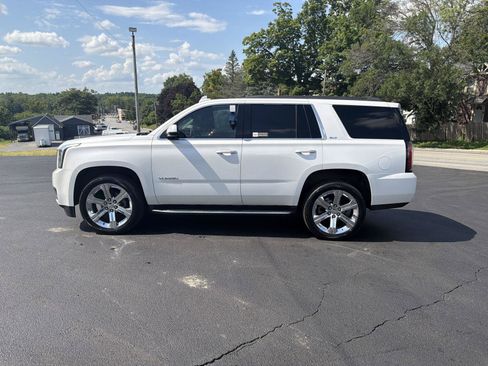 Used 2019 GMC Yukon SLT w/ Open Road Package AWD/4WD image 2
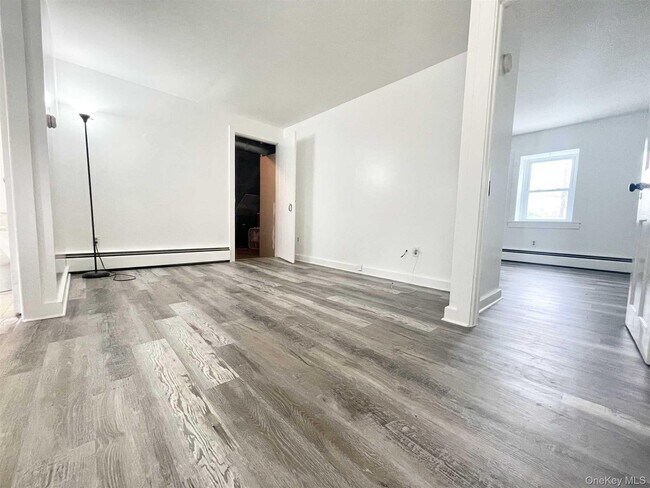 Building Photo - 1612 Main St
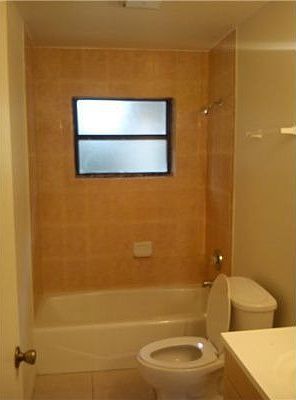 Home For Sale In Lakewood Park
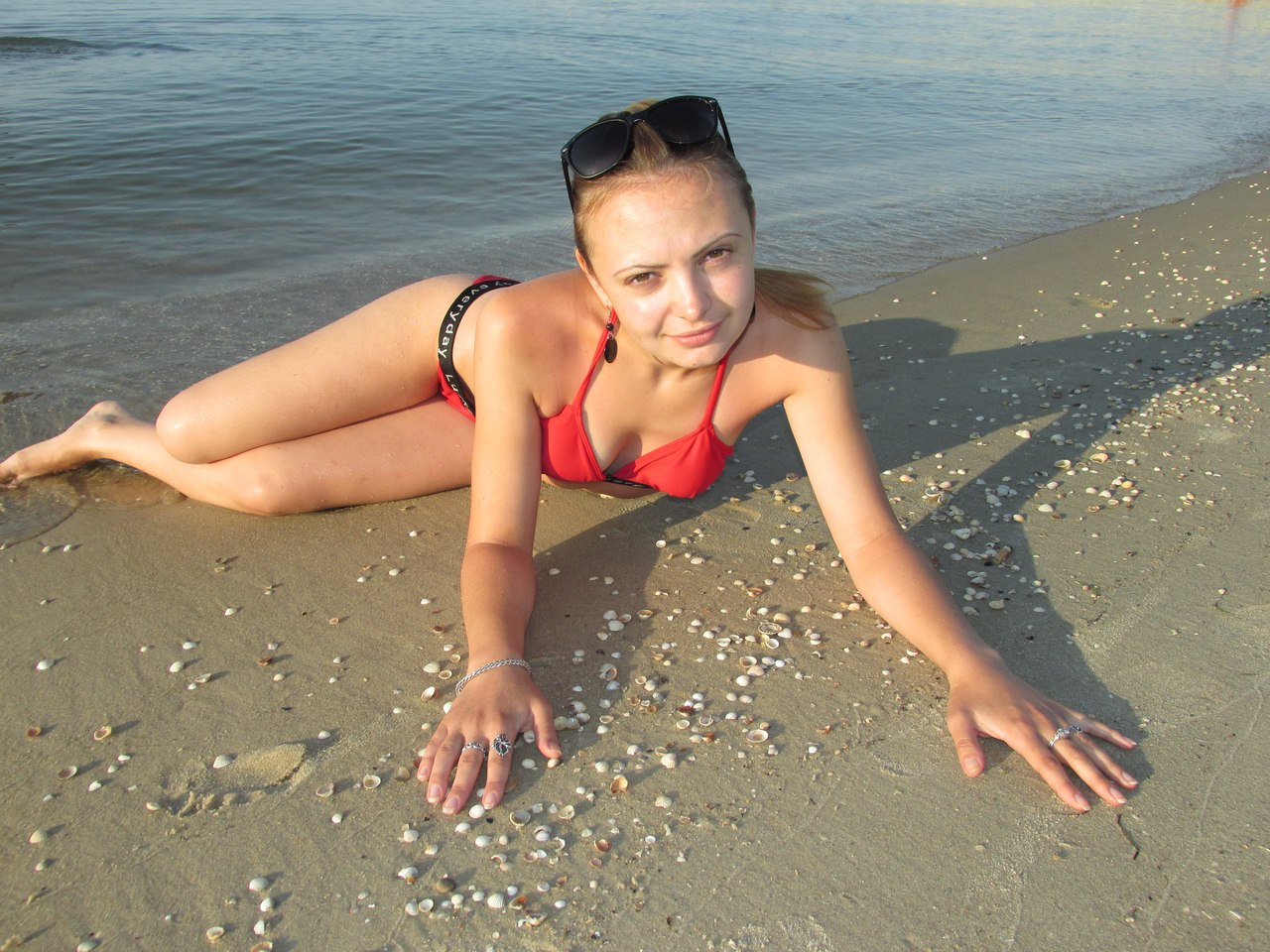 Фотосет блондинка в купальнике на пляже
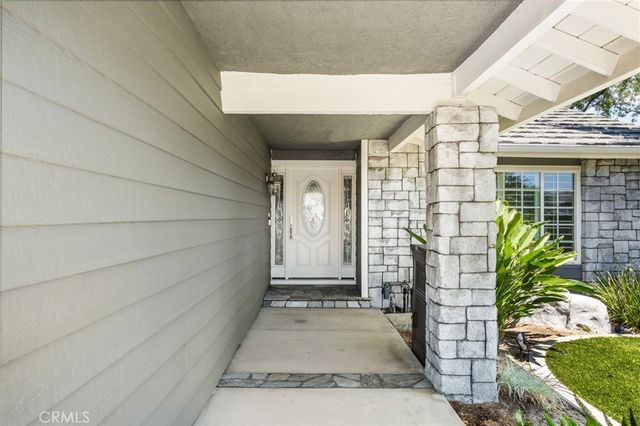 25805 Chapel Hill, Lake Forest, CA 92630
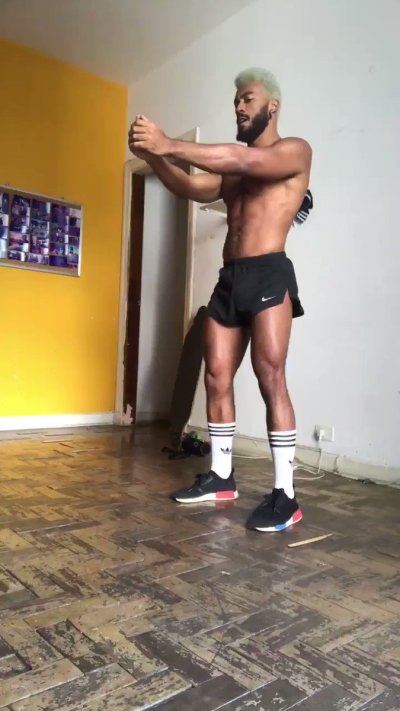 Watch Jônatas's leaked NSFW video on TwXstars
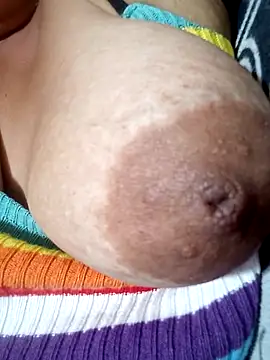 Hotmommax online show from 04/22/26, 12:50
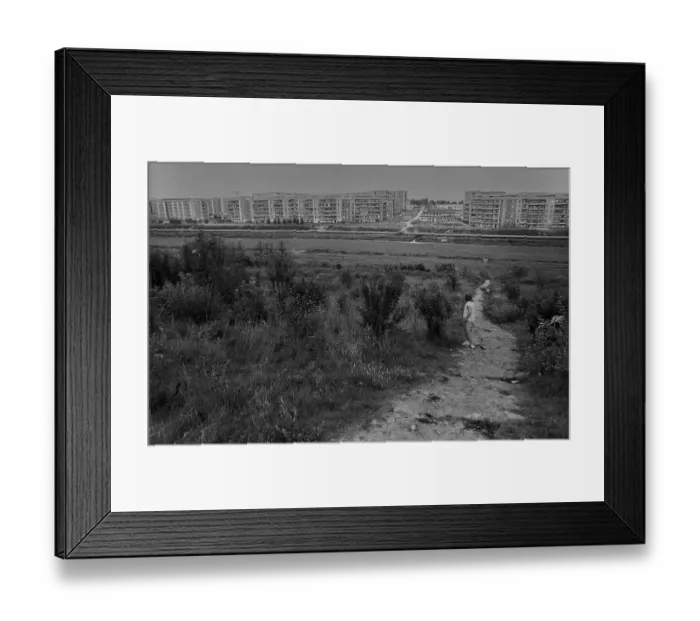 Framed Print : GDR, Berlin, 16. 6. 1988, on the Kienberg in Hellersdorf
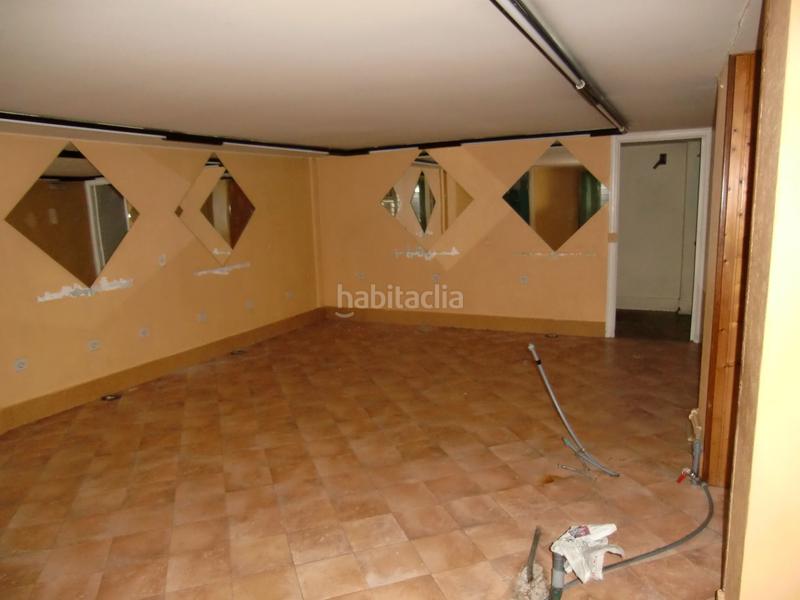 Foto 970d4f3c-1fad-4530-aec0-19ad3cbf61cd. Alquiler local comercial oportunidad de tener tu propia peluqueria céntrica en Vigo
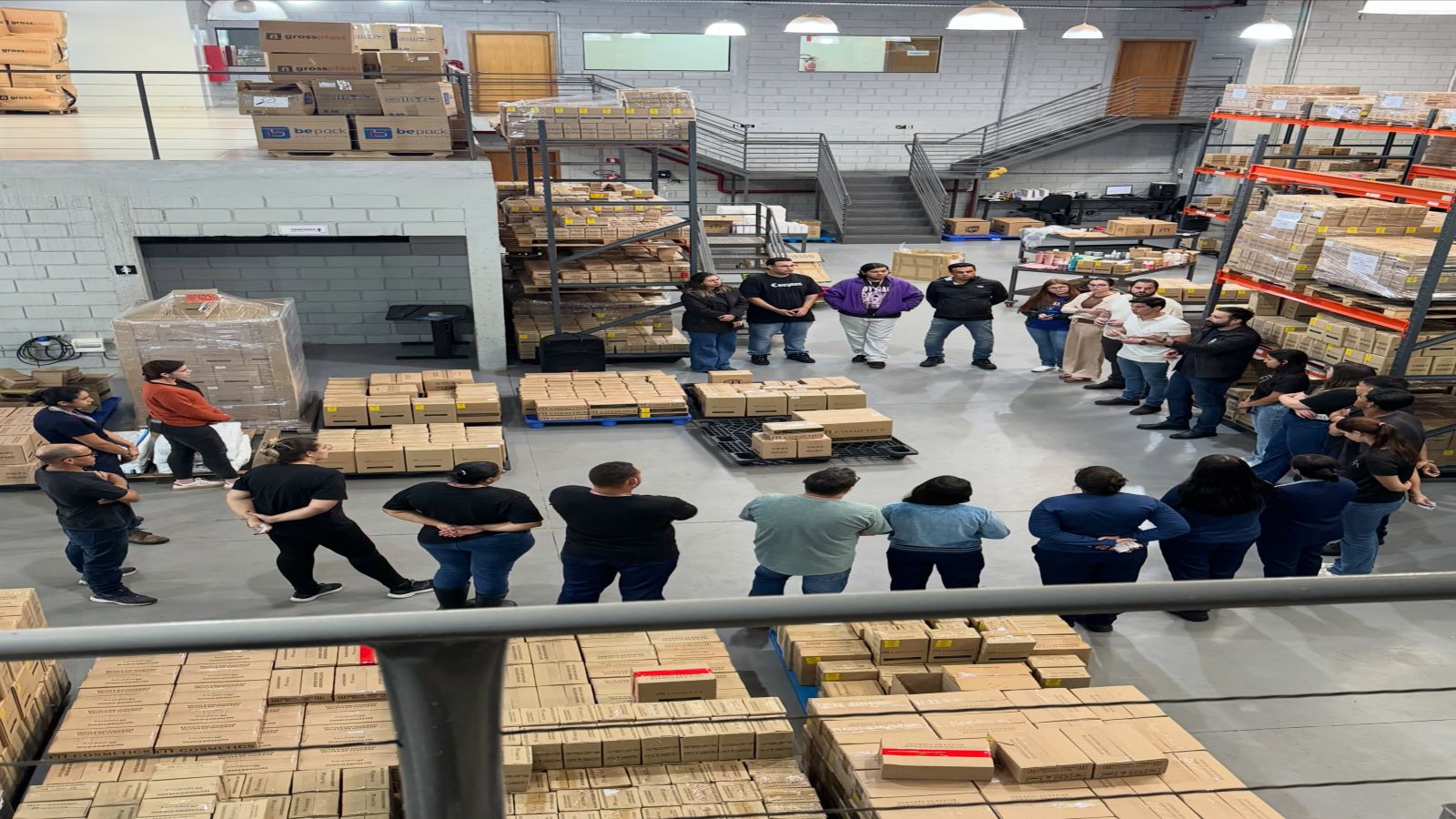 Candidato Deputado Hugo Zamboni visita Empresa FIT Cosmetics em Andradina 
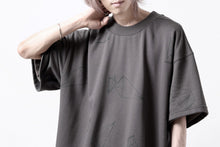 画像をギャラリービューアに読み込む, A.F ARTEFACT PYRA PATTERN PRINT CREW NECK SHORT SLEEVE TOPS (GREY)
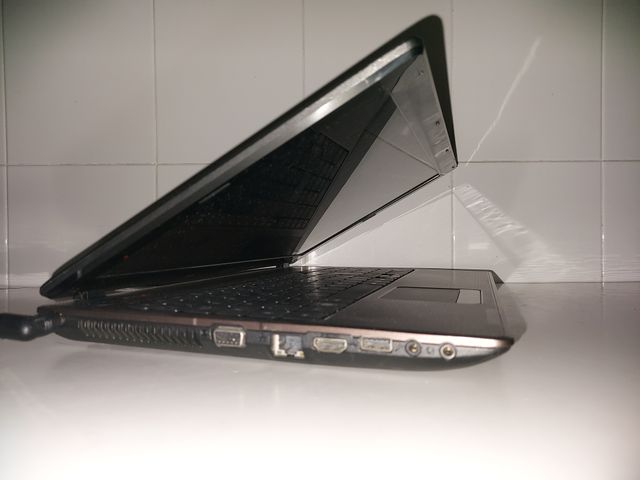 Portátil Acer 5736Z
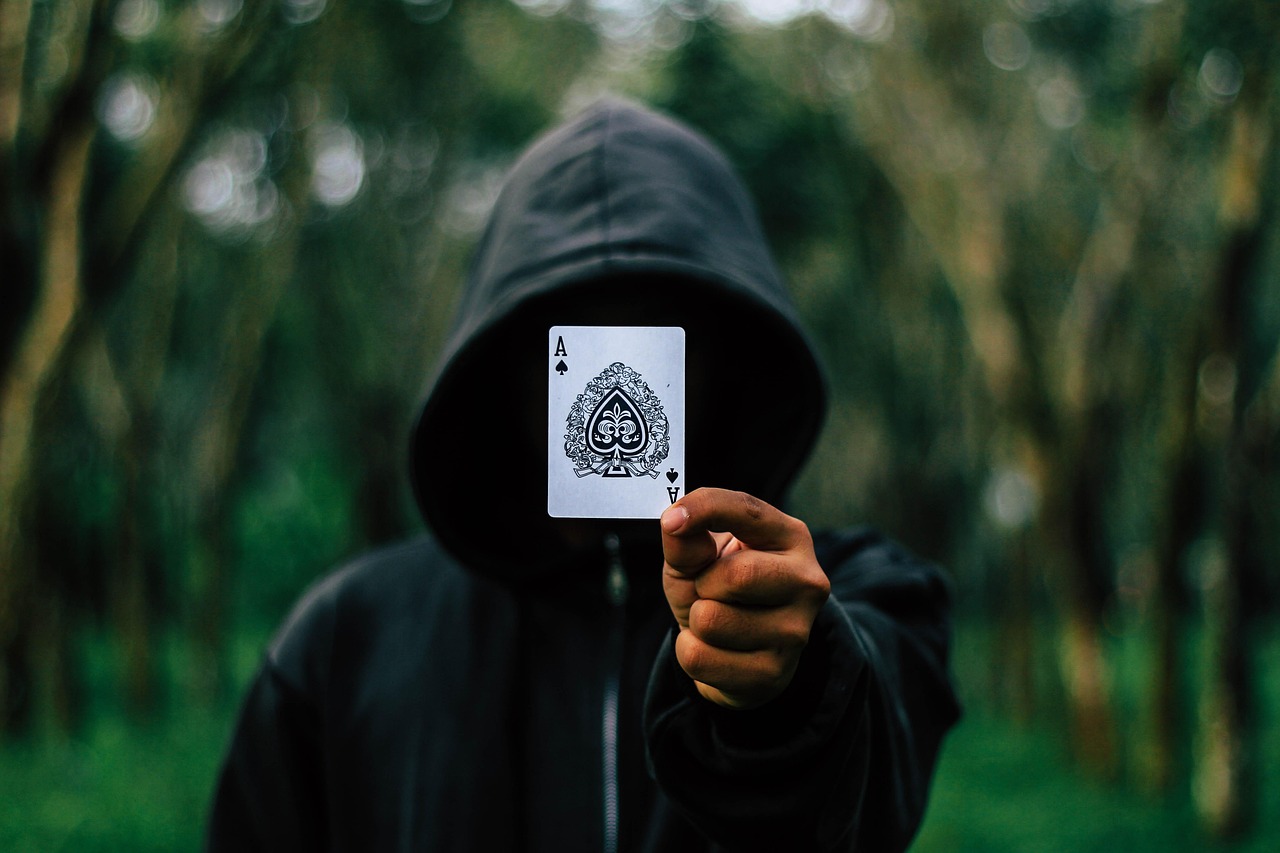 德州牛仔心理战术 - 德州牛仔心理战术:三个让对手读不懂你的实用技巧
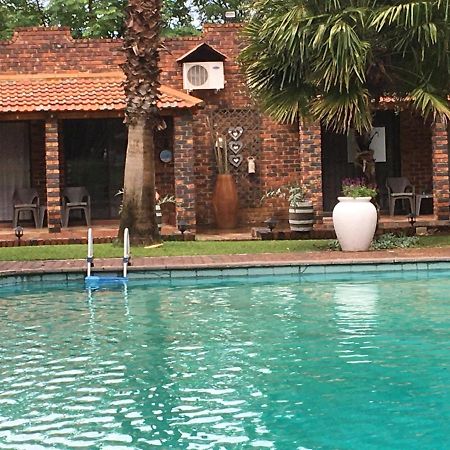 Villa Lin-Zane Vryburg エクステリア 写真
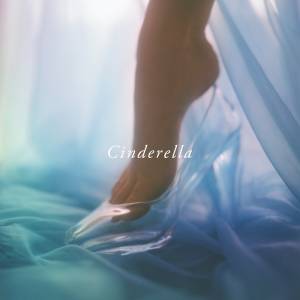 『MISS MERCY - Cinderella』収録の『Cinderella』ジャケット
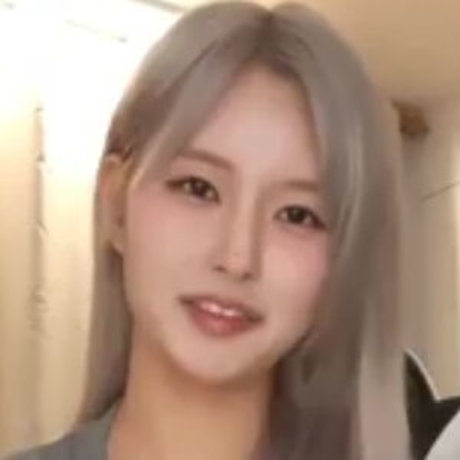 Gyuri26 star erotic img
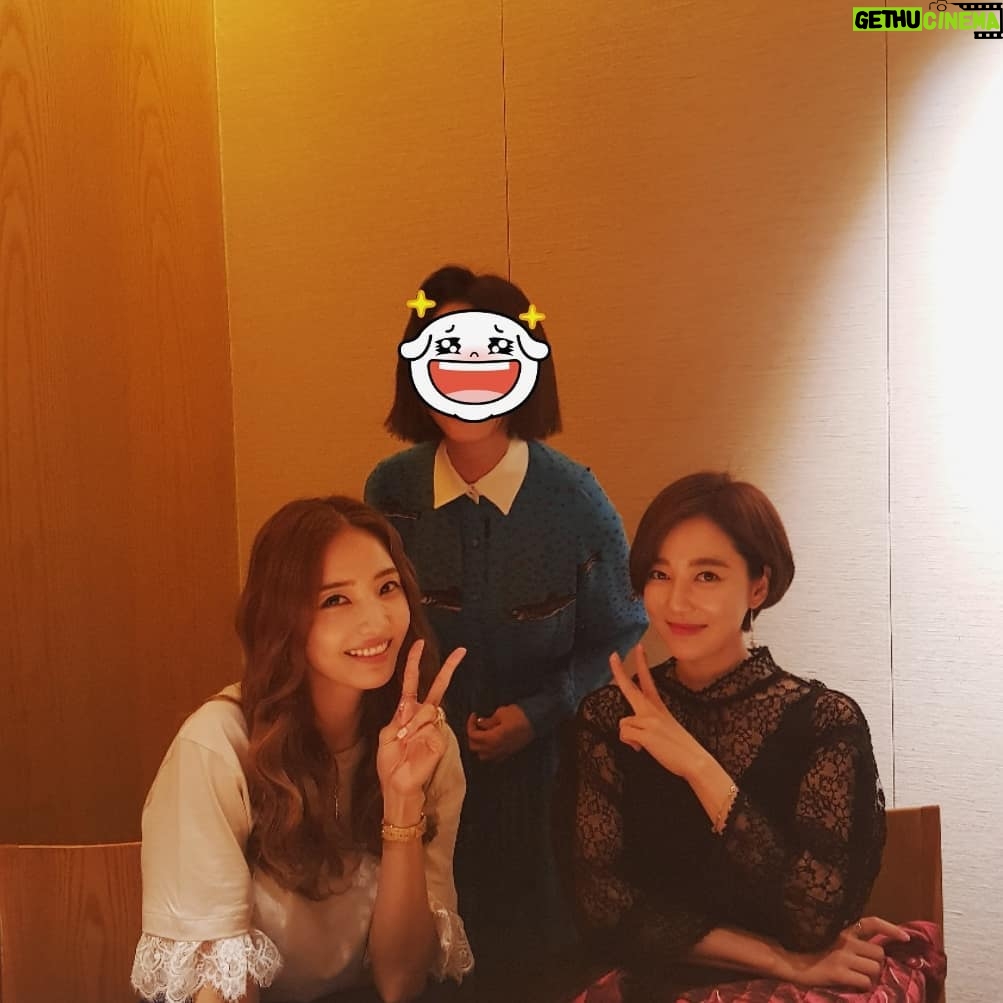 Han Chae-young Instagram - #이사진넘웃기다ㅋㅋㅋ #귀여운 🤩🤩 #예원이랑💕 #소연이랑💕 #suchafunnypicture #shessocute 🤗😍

○ ○ ○ ○ ○

In the listing above, find the line containing "25805 Chapel Hill, Lake Forest, CA 92630" and the line containing "Villa Lin-Zane Vryburg エクステリア 写真", then output those two lines and everything between them exactly as written, without the images.

**TASK SOLUTION**.
 25805 Chapel Hill, Lake Forest, CA 92630
 Watch Jônatas's leaked NSFW video on TwXstars
 Hotmommax online show from 04/22/26, 12:50
 Framed Print : GDR, Berlin, 16. 6. 1988, on the Kienberg in Hellersdorf
 Foto 970d4f3c-1fad-4530-aec0-19ad3cbf61cd. Alquiler local comercial oportunidad de tener tu propia peluqueria céntrica en Vigo
 Candidato Deputado Hugo Zamboni visita Empresa FIT Cosmetics em Andradina 
 画像をギャラリービューアに読み込む, A.F ARTEFACT PYRA PATTERN PRINT CREW NECK SHORT SLEEVE TOPS (GREY)
 Portátil Acer 5736Z
 德州牛仔心理战术 - 德州牛仔心理战术:三个让对手读不懂你的实用技巧
 Villa Lin-Zane Vryburg エクステリア 写真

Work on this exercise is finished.